Moi, naïf, je pensais que mon copain avait encore abusé du Jack Daniel. Une drogue ? La pêche à la mouche ? Plaisanterie !

Bien sûr, chers lecteurs, vous êtes bien placés pour savoir Ô combien il voyait juste, le Bruce K.

Pauvre de moi ! Grisé par l’expérience je négligeais l’avertissement et pendant des années (les plus belles de ma jeunesse) je ne pensais plus qu’à ça.Nuit et jour . Finies les soirées d’amoureux avec ma femme. Le coup du soir était injonction divine . Et les longues heures passées sur mon étaux de montage à visualiser la danse sur la rivière de ces satanées mouches que j’essayais maladroitement de monter et que mes doigts transformaient irrémédiablement en des monstruosités inqualifiables ! Et le maigre argent du foyer que je dépensai avec l’ivresse du joueur devant la roulette de Las Vegas. J’en avais honte bien sûr mais rien n’y pouvait changer. J’étais bel et bien accroché à cette horrible chose, substance diabolique : la pêche à la mouche.

J’en oubliais même jusqu’à la plus élémentaire hygiène corporelle, ne me rasais plus, ne changeais de chaussettes et de sous-vêtements lorsque l’odeur devenait insoutenable et faisait fuir jusqu’à ma pauvre petite chienne .

Et puis un jour, la limite fut franchie. Toute ma vie je me souviendrai du rouge de honte qui marqua mon front a jamais.

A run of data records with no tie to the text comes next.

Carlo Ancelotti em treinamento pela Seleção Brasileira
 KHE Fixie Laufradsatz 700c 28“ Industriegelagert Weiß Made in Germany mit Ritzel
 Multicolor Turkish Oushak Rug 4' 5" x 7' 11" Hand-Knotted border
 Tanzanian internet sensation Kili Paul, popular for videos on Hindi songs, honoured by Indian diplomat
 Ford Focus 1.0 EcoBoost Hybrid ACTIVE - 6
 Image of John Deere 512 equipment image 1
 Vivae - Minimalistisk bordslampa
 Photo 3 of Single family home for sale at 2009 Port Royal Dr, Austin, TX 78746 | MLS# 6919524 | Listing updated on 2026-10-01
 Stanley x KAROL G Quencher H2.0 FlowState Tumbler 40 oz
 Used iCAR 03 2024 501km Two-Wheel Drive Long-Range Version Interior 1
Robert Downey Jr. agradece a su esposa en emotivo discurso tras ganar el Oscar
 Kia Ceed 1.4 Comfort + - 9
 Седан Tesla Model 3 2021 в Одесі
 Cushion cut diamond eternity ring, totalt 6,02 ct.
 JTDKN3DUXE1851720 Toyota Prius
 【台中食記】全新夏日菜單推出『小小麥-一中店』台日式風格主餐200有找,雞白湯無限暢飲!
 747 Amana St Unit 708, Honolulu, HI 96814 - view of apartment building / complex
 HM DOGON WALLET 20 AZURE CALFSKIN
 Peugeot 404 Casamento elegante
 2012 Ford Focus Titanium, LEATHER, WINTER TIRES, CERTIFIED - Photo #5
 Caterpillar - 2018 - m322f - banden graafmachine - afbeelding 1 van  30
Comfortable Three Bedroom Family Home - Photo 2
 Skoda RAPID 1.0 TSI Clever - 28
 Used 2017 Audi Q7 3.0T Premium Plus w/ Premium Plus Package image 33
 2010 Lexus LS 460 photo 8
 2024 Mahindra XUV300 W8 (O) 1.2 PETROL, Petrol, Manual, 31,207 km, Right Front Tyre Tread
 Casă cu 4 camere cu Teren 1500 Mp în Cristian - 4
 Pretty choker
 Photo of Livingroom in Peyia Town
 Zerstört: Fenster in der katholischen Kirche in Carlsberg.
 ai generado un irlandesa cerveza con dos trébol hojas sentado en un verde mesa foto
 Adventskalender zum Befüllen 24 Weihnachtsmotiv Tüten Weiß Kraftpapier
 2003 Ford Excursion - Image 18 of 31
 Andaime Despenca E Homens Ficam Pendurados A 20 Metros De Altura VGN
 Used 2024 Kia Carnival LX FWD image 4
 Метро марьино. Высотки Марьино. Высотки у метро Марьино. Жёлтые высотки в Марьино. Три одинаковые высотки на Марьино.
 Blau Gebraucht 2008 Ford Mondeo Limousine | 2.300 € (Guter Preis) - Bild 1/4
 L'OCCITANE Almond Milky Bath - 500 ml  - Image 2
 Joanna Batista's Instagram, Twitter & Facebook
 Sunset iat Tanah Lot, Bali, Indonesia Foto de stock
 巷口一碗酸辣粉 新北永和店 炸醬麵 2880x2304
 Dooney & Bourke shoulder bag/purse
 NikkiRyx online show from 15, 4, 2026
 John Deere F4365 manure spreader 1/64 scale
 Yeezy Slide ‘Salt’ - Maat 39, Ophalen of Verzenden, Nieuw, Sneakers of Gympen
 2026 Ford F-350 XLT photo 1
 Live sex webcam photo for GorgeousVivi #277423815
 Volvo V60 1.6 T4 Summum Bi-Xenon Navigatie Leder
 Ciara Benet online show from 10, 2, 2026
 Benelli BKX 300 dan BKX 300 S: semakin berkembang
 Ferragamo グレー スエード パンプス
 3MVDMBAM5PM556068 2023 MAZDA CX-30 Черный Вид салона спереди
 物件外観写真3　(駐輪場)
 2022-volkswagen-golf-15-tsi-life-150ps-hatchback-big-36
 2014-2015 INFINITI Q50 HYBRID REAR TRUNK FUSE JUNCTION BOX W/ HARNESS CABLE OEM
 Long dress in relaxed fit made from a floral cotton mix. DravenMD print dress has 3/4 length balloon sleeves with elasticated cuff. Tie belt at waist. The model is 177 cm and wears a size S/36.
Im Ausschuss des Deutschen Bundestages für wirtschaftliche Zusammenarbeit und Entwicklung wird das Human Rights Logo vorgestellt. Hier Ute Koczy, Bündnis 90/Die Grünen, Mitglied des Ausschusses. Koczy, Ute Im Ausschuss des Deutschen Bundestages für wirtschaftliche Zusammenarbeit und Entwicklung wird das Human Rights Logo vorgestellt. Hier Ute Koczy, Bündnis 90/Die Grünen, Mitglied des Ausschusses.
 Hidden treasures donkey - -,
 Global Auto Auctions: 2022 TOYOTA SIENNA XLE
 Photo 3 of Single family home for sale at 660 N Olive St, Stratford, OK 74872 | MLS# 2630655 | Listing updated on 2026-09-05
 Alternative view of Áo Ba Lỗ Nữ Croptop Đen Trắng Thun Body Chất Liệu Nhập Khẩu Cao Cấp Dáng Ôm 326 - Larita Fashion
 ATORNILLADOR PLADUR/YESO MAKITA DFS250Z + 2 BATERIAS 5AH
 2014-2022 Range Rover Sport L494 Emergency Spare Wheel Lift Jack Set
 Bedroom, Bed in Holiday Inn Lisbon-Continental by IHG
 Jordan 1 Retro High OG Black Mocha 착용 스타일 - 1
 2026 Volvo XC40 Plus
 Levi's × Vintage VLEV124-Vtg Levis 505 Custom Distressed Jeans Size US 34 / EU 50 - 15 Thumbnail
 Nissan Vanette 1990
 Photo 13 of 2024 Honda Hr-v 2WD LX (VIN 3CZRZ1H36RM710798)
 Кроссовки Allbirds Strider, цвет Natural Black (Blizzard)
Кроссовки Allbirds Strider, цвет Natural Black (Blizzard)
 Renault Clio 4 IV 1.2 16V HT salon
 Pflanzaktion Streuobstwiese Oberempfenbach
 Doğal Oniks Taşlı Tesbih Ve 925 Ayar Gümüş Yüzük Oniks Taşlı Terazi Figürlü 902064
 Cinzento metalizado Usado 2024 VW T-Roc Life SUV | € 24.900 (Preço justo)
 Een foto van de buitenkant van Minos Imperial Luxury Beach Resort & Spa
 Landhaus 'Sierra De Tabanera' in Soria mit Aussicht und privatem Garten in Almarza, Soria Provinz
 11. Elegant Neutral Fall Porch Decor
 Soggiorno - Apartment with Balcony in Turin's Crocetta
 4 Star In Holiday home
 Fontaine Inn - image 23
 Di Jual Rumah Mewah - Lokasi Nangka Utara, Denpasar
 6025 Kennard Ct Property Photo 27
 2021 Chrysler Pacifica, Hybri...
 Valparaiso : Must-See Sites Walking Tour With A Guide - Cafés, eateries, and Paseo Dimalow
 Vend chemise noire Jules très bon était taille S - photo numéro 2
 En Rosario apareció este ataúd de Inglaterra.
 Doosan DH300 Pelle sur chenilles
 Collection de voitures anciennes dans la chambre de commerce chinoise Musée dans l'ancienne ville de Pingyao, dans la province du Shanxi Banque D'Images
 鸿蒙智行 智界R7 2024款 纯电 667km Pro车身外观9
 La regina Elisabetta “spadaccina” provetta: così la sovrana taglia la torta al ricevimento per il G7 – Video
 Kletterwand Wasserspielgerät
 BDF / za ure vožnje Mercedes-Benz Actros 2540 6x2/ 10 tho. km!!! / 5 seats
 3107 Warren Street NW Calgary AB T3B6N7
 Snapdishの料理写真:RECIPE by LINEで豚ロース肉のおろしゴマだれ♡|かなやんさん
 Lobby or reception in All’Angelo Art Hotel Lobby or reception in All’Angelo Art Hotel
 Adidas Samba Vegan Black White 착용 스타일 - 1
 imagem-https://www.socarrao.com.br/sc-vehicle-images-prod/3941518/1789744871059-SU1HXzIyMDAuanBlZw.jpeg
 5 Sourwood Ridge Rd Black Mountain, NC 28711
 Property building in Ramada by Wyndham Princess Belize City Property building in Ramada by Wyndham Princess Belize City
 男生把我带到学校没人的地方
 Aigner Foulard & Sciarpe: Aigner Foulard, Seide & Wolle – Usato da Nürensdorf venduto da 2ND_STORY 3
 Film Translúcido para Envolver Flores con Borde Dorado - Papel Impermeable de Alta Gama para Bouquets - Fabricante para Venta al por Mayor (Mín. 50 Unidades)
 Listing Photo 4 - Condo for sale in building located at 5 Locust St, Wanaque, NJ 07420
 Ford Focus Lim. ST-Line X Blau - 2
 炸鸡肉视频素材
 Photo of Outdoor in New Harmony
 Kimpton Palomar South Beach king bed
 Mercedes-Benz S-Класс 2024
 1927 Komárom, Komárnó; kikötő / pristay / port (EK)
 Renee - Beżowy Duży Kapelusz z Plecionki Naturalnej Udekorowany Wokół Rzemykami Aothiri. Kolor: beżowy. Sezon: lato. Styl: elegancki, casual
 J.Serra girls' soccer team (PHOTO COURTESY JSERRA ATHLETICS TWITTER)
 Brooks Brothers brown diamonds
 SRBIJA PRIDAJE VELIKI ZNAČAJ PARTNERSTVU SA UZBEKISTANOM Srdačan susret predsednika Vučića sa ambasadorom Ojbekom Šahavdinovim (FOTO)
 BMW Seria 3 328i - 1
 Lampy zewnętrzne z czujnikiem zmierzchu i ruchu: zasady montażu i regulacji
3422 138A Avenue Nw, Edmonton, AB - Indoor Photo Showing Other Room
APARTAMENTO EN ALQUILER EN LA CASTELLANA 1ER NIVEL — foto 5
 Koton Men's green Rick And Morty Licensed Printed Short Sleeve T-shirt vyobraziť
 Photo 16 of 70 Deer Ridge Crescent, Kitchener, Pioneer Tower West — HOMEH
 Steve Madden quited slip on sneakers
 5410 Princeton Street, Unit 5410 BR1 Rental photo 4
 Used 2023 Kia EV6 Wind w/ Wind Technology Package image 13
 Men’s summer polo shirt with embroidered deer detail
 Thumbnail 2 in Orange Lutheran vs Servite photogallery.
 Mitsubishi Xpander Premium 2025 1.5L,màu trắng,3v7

C’était l’anniversaire de ma femme et je l’avais invité dans le plus grand restaurant de la région. Pour l’occasion, j’avais pris une douche et changé de chemise . Nous étions confortablement assis dans un coin isolé, la musique était douce comme la lumière des chandeliers. Mon adorable femme arborait un sourire des grands jours quand le serveur s’approcha de nous et demanda : « Madame et Monsieur prendront-ils un apéritif maison ? ». Je répondis sans me rendre compte de l’horreur de mes paroles : « Pour moi, ce sera un Martini sans ardillons ! ».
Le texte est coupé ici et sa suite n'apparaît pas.